Work to complete
Which lines below fall between the one containing "Recipe Lemon sarsi chicken" and the one containing "Magic Track pad, new"? Repeat them exactly, counting both of those lines, and add nothing else.

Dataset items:
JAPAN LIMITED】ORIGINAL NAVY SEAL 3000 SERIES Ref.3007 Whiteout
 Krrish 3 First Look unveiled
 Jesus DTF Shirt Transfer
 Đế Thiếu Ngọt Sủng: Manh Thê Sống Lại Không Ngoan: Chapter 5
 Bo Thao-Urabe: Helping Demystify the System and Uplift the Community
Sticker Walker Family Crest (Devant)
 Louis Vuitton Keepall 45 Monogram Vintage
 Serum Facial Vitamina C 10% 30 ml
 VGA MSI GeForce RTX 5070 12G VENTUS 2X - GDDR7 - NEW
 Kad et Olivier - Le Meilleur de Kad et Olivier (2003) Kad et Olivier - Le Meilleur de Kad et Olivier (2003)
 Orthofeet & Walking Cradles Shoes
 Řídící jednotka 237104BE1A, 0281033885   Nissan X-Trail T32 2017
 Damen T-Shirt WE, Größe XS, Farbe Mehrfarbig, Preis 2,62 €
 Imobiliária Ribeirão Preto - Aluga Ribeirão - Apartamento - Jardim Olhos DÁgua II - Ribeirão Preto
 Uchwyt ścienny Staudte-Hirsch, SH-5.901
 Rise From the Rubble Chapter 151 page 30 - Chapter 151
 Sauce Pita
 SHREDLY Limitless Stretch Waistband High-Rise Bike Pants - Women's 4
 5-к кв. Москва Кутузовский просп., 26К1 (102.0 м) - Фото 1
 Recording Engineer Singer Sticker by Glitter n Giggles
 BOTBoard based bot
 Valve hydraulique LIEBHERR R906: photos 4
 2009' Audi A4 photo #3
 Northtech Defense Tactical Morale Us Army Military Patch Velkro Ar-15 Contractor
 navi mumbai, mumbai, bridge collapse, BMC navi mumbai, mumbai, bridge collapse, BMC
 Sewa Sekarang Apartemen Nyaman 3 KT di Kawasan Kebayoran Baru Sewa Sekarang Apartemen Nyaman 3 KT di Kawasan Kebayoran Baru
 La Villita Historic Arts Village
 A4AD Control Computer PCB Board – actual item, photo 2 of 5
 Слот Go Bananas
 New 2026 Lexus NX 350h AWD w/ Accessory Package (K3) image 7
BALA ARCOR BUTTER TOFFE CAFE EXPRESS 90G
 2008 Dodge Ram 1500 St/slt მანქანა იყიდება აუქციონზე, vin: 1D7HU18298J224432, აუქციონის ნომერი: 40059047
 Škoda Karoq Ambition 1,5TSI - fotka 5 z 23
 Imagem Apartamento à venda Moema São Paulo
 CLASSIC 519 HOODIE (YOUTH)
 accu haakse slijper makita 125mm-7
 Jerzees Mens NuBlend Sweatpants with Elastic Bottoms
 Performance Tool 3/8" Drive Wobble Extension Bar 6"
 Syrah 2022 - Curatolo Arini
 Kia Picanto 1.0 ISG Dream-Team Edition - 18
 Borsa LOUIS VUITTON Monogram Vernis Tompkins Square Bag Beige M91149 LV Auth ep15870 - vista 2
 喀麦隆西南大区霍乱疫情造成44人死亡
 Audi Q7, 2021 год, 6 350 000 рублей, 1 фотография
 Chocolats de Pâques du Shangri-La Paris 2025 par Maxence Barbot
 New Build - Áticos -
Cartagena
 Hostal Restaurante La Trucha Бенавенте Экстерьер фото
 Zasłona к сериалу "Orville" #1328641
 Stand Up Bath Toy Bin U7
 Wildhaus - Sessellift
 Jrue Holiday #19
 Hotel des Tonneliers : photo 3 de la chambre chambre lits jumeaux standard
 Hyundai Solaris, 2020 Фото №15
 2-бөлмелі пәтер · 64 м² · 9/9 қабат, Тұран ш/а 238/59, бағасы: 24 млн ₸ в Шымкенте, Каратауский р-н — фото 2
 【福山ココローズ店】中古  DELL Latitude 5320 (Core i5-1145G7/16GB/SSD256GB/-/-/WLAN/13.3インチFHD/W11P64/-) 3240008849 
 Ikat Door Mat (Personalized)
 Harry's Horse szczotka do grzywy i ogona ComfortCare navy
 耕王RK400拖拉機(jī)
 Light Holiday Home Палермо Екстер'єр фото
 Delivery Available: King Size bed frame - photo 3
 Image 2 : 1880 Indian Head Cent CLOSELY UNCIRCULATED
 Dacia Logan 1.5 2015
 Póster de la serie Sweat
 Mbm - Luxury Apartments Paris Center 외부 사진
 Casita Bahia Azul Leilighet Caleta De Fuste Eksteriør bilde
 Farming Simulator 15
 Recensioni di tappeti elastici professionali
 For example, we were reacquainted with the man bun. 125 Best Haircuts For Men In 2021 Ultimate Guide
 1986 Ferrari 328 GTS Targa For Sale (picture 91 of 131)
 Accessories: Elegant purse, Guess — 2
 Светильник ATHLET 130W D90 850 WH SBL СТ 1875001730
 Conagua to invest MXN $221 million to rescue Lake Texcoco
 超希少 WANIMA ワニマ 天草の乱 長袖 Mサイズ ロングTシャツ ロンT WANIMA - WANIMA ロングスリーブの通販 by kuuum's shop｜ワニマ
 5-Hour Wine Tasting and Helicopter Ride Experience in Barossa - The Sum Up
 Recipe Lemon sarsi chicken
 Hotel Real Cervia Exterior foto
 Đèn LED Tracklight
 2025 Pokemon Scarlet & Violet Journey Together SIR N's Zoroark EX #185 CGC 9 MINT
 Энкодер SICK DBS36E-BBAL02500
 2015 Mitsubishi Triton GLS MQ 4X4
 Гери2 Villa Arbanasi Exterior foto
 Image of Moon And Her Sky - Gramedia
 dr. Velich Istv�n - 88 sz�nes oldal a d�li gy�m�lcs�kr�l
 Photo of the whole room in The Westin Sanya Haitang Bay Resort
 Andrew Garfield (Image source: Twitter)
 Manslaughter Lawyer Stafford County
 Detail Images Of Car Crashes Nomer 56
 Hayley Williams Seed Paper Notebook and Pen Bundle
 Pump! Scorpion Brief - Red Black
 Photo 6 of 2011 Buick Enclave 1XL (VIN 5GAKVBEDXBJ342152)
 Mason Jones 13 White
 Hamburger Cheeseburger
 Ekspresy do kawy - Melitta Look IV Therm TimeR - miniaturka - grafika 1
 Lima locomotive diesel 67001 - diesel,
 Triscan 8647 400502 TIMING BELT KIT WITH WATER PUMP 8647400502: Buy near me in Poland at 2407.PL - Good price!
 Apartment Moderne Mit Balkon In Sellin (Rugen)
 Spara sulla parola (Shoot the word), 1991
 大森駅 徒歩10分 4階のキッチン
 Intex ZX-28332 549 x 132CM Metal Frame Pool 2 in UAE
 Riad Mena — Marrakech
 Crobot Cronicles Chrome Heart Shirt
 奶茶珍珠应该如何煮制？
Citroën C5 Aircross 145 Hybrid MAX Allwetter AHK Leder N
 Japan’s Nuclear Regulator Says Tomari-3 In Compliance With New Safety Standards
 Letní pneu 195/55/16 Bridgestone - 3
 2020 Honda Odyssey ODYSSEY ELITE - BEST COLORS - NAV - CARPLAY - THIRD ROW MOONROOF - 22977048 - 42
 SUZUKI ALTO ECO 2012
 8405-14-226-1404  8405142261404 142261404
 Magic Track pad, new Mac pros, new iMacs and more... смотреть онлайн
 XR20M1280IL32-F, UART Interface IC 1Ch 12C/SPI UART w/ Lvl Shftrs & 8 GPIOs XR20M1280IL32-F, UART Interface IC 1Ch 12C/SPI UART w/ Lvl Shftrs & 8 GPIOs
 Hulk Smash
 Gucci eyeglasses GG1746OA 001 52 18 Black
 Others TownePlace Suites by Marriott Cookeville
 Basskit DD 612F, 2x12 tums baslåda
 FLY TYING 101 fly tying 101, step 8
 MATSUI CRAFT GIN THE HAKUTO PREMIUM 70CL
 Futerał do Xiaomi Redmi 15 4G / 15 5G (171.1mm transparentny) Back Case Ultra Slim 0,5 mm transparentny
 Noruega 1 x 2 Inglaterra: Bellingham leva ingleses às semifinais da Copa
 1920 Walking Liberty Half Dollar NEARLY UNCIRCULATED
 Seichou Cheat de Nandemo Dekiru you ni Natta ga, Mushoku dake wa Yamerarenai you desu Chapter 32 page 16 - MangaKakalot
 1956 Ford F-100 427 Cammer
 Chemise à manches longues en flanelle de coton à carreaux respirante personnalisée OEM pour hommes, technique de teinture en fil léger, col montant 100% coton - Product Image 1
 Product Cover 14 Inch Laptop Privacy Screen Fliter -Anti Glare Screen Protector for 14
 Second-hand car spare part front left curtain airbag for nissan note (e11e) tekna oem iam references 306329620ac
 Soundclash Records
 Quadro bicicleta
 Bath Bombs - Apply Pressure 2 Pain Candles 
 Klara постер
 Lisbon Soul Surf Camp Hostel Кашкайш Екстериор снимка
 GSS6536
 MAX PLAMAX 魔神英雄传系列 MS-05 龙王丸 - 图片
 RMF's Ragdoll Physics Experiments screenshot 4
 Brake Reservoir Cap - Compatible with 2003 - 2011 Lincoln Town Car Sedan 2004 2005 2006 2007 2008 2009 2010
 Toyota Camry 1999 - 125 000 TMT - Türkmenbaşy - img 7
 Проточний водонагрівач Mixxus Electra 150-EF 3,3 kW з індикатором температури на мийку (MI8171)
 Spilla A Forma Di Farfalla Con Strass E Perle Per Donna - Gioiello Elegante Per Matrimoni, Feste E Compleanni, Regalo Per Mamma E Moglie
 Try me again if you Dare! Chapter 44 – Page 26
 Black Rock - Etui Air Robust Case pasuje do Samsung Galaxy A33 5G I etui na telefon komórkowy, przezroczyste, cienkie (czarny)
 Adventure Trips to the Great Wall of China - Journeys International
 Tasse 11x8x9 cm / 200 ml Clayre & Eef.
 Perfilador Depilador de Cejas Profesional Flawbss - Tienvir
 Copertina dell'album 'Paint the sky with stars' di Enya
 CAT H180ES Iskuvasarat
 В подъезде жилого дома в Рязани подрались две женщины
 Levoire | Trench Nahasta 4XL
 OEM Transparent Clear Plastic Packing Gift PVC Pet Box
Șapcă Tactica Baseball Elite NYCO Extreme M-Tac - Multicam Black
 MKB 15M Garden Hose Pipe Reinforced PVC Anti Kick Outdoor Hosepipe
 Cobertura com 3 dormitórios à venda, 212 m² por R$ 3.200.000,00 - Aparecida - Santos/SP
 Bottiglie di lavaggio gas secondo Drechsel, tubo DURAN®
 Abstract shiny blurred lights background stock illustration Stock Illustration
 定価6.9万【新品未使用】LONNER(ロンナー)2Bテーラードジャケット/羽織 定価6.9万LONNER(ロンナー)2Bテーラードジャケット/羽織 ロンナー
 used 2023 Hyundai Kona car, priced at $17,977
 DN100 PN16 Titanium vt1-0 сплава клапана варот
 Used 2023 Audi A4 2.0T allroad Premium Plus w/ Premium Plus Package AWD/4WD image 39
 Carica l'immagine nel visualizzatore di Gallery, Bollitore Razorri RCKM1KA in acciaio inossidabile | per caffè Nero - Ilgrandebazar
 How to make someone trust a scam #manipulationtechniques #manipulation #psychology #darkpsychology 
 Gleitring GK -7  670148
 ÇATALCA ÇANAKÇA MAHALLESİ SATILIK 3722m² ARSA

Exercise result
 Recipe Lemon sarsi chicken
 Hotel Real Cervia Exterior foto
 Đèn LED Tracklight
 2025 Pokemon Scarlet & Violet Journey Together SIR N's Zoroark EX #185 CGC 9 MINT
 Энкодер SICK DBS36E-BBAL02500
 2015 Mitsubishi Triton GLS MQ 4X4
 Гери2 Villa Arbanasi Exterior foto
 Image of Moon And Her Sky - Gramedia
 dr. Velich Istv�n - 88 sz�nes oldal a d�li gy�m�lcs�kr�l
 Photo of the whole room in The Westin Sanya Haitang Bay Resort
 Andrew Garfield (Image source: Twitter)
 Manslaughter Lawyer Stafford County
 Detail Images Of Car Crashes Nomer 56
 Hayley Williams Seed Paper Notebook and Pen Bundle
 Pump! Scorpion Brief - Red Black
 Photo 6 of 2011 Buick Enclave 1XL (VIN 5GAKVBEDXBJ342152)
 Mason Jones 13 White
 Hamburger Cheeseburger
 Ekspresy do kawy - Melitta Look IV Therm TimeR - miniaturka - grafika 1
 Lima locomotive diesel 67001 - diesel,
 Triscan 8647 400502 TIMING BELT KIT WITH WATER PUMP 8647400502: Buy near me in Poland at 2407.PL - Good price!
 Apartment Moderne Mit Balkon In Sellin (Rugen)
 Spara sulla parola (Shoot the word), 1991
 大森駅 徒歩10分 4階のキッチン
 Intex ZX-28332 549 x 132CM Metal Frame Pool 2 in UAE
 Riad Mena — Marrakech
 Crobot Cronicles Chrome Heart Shirt
 奶茶珍珠应该如何煮制？
Citroën C5 Aircross 145 Hybrid MAX Allwetter AHK Leder N
 Japan’s Nuclear Regulator Says Tomari-3 In Compliance With New Safety Standards
 Letní pneu 195/55/16 Bridgestone - 3
 2020 Honda Odyssey ODYSSEY ELITE - BEST COLORS - NAV - CARPLAY - THIRD ROW MOONROOF - 22977048 - 42
 SUZUKI ALTO ECO 2012
 8405-14-226-1404  8405142261404 142261404
 Magic Track pad, new Mac pros, new iMacs and more... смотреть онлайн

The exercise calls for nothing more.